In this action the ultimate offense which must be established by the plaintiff is the unauthorized copying of the whole or a substantial part of the plaintiff's playlet ( Columbia Pictures Corp. v. Krasna, 65 N.Y.S.2d 67, affd. 271 A.D. 1008), and the question is, "Did the defendants copy from plaintiff's playlet?"
Copying may be shown by (a) direct evidence of copying, which would necessarily include direct evidence that defendants had seen or heard plaintiff's work, or direct evidence of access by defendants to plaintiff's composition, or (b) similarities appearing from the words themselves so strong as to compel an inference ( Columbia Pictures Corp. v. Krasna, supra).
Mere similarities, however, assuming they exist, carry no right of action for infringement, "for plagiarism is strictly limited to the appropriation of the literary composition of another and passing off as one's own the product of mind and language of another" ( Tamas v. 20th Century Fox Film Corp., 25 N.Y.S.2d 899, 900).
There is no direct evidence of copying here, and I do not understand that plaintiff makes such a claim, and while plaintiff gave a performance of his playlet, there is no evidence that any of the defendants attended it and, in fact, all of the individual defendants deny ever having seen or heard of plaintiff's playlet prior to the institution of this action.
This element being absent, i.e., no direct evidence of copying, I am to next consider whether the defendants copied a substantial part of plaintiff's playlet. Trivial similarities are of no legal import; the part taken, if it was taken, must be a substantial and material part of plaintiff's composition.
"The character of the test of plagiarism is simple. It is not to be determined by the fine analysis or by argument and dissection of an expert, but by ordinary observations" ( Wiren v. Shubert Theatre Corp., 5 F. Supp. 358, 362, affd. 70 F.2d 1023, certiorari denied, 293 U.S. 591, supra).
And, as said in Hewitt v. Coward, 180 Misc. 1065, 1066, affd. 266 A.D. 992), "The similarity must be one that would be apparent upon ordinary observation".
Applying the test of ordinary observation to a comparative reading of plaintiff's and defendants' compositions, the two dramatic works are so dissimilar that a conclusion cannot be reached that the defendants copied a substantial and material part, or any part of plaintiff's playlet. Whatever resemblance appears is only in a broad and general sense. As pointed out in Columbia Pictures Corp. v. Krasna (65 N.Y.S.2d 67, 69, supra): "Different writers may conceive similar themes or may develop a subject in the same way; they may use common methods and techniques. Assuming the appearance of similarities, the question to be determined still remains whether the literary product under challenge was achieved by independent effort or by copying from the labors of another. In other words, similarities take on significance only when they are so palpable as to be indicative of evidence of actual copying."

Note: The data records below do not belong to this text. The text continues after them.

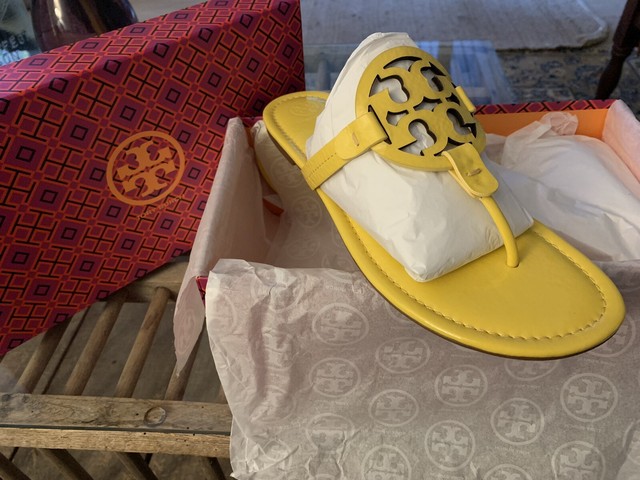 limone tory burch sandals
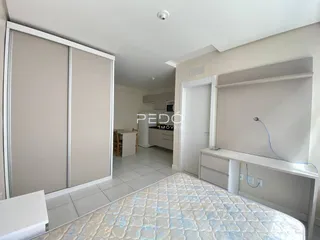 Quarto interno com portas de correr e armário em Lajeado, Brasil.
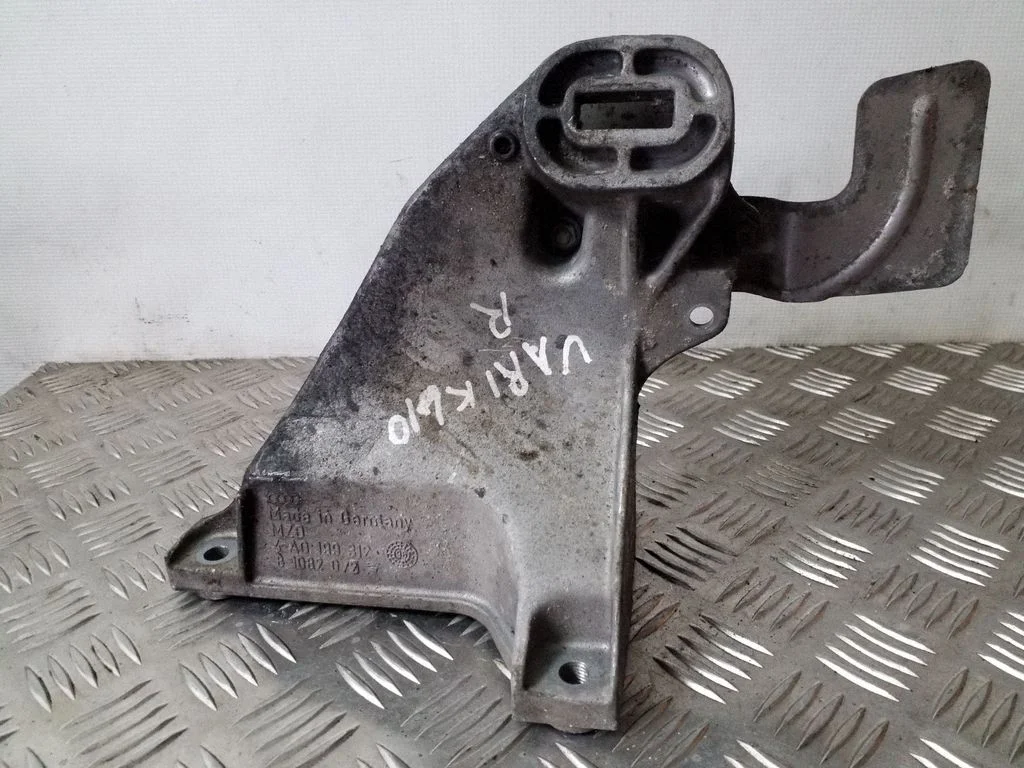 Dzinēja stiprinājuma kronšteins 4A0199312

Comparative examination of plaintiff's playlet with defendants' work, unaided by dissection, discloses but one significant similarity, viz., both of these dramatic compositions discuss white hostility to intermarriage with members of the colored race.
This will not support an action for plagiarism. As so aptly stated by Judge LEARNED HAND in Nichols v. Universal Pictures Corp. ( 45 F.2d 119, 122, certiorari denied, 282 U.S. 902), involving the play, "Abie's Irish Rose": "A comedy based upon conflicts between Irish and Jews, into which the marriage of their children enters, is no more susceptible of copyright than the outline of Romeo and Juliet."
For the reasons stated, the motion to dismiss is granted. Settle order on each motion.